In late summer, terrestrial insects such as hawthorn flies, beetles, ants and daddy-long-legs fall or get blown on to the water, adding a bit of variety to their diet.

During the whole of late spring to early autumn, hatches of buzzers occur almost daily, especially in deep water.

Where do you find most of this food? With the exception of buzzers, the answer is simple – in water shallower than 6m (12ft). In fact, most insect activity occurs in water less than 1.8m (6ft) deep. You can find trout in shallow water most of the year. There are exceptions, however. During the early and late season (April and September) trout are in the warmer, deeper water.
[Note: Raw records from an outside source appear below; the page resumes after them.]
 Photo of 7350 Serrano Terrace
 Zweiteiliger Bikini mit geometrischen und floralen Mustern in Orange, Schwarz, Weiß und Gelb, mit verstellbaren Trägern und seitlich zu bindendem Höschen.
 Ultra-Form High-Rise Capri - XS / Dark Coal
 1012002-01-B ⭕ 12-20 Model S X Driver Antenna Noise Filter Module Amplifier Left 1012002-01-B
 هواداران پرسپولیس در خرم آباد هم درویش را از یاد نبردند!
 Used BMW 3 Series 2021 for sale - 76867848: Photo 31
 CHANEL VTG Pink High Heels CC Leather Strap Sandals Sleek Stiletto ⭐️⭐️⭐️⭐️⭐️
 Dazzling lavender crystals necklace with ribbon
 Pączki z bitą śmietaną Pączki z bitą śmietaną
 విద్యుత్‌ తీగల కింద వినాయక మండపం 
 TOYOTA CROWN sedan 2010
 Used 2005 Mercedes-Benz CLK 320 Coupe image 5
In mid summer, they retreat to the cool, dimly lit depths.

Most deep lakes are not blessed with extensive shallows, and consequently, the food availability is restricted to relatively small areas which can hold dense populations of fish.

The weather

The weather can affect food stocks and the trout’s security. Trout won’t feed when their security is threatened, and they are very loath to venture into clear, calm, bright shallow areas.

Cloudy days with a warm wind blowing are some of the best times to fish. Ripples -or better still waves – reduce light penetration, encouraging the fish to move into the shallows to feed.

During extremes of temperature – be they hot or cold – trout generally retreat to deep water. Extremely warm water is not normally a problem in deep lakes, but early and late in the season the water is cold, especially in the spring as the snow melts.

Trout become very lethargic and lack-lustre at this time. They are reluctant to expend energy for little in return, and they are also unlikely to feed avidly since the food is limited.

General assessments

So how do you make general assessments about all the variables that affect the trout and its environment? Reviewing tactics over the season provides some general guidelines.

Early season

The water is cold, and food is far from plentiful. The trout are recovering from the trauma of spawning; they’re lethargic, trying to expend as little energy as possible to gather the available food.

Excellent locations to find fish are stream or river inlets with access to deep-water channels. Food is brought to the trout (and other fish) on the current and little energy is spent gathering what’s available. Other areas to try are banks with narrow strips of shallow water next to deep-water shelves. Caddis larvae, shrimps, mayfly nymphs and hoglice are concentrated here.

April and early May

With the longer hours of daylight the water starts to warm. Trout gather where the food is concentrated, but they are far more active in the warmer water and are prepared to cover great distances in search of easy meals. Ideal areas are shallows, especially with weedbeds – which provide habitat for large numbers of nymphs – submerged islands and shallows around fully extended islands. All these areas should contain more fish if they border deep water or have rough, rocky areas.

The main food for trout at this time consists of fry, shrimps, hoglice, olive and mayfly nymphs (and chironomids when the trout resort to deep water under calm conditions). Hatching midges and daphnia are blown to and thus concentrated near the downwind bank.

In mid-summer

At this time there are long hours of sunlight and often calm conditions on the surface of the lake. The trout are fit and very active but reluctant to feed under bright, calm conditions. They are likely to concentrate their feeding during early and late times of the day over the shallows.

Main food items are nymphs and sedges (and chironomids when the trout are in deep water). This is one time in the season when fishing deep water within casting distance of the bank can pay off.

In September

As the water along the shallow areas cools, insect activity decreases, and trout once again move to their early season haunts -the deeper, warmer water — not so much for food quantity or availability but in preparation for running up feeder streams to spawn. Some good-sized fish can be taken at this time, but they should be returned to maintain the population for the future.